Despite my sarcastic introduction to this topic I actually am a terribly firm believer in being yourself in every sense of the word and I thought that was exactly how I was living my life. Until today.
Bear with me with this odd beginning…I have a point I swear…
I was watching tutorials on YouTube about dying hair silver/grey and a variety of pastel colours. (Bit of history, Taylor and I used to dye our hair blue and pink when we were 14/15, before it was in fashion and we were seen as super eccentric for it haha and now, of course, its a giant trend.) I was getting really excited and was thinking about dying maybe the bottom layer of my hair a blue/purple colour but I wasn’t sure. Or as I said to Taylor “I’m too scared!”. Too scared..? To dye my hair a temporary colour? And just like that it clicked.
I WANTED to try something, but I was SCARED of what people would say. I was scared to be myself. Look if I am being 100% honest I was scared about what a guy might think of it and what certain girls might say and if it would suit me and the ‘look’ I was going for… I did not even realise I was going for a look! I should not be going for ‘a certain look’, that is a mistake on the road to being yourself.
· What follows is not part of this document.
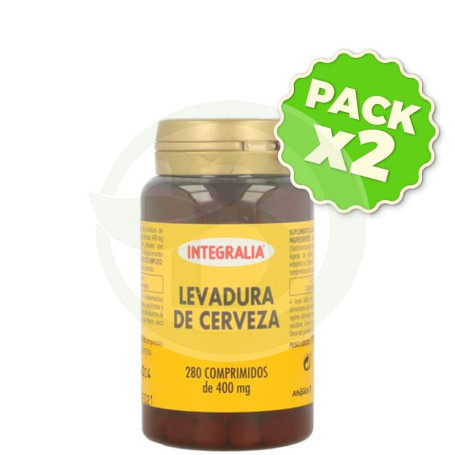 Pack 2x Levadura de Cerveza y Germen de Trigo 280 Comprimidos Integralia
Being yourself means having total faith in yourself, loving yourself and not being afraid to show yourself to the world, despite what other people might say.
Sometimes I do not feel faithful to myself, I forget to love myself and I feel very powerless. Sometimes I begin to slip into old habits of letting my happiness rely on my desirability to someone else. Someone who is not perfect themselves and does not know how I work. I worry about how many people are talking about my behind my back, snickering at me, pointing out my flaws. I get anxious that I am annoying. I get anxious that I am annoying. I get anxious that I am annoying. That is the perfect summary of these thoughts brought in by the gremlin that lives in the back of my mind and in the corners of my smile. This little gremlin tries to crawl into the forefront of my mind every so often and drag me backwards, away from self-love and self-acceptance. He tries to tell me that of course it is important that, that person should like me and that I need to try and impress people by being someone that I am not.
Every day I am working towards silencing the little gremlin forever. (Sometimes my hormones do not help me with this haha)
So all that pointless story-time aside, what did I realise?
1. Sometimes you think you are being yourself but you are not.
2. Caring about other peoples opinions on how you look or what you say is not being yourself.
3. To be yourself you must…here it is… DO WHAT MAKES YOU HAPPY! (Ugh, another cliché)
4. Being yourself means you will be walking with true friends, which is always worth it, no matter how small the circle gets.
So I will be dying my hair whatever colour I feel like and having fun with it because doing what makes you happy is a PERSONAL choice and is not the same for everyone so therefore you are being unique, you are being YOURSELF! (Success!)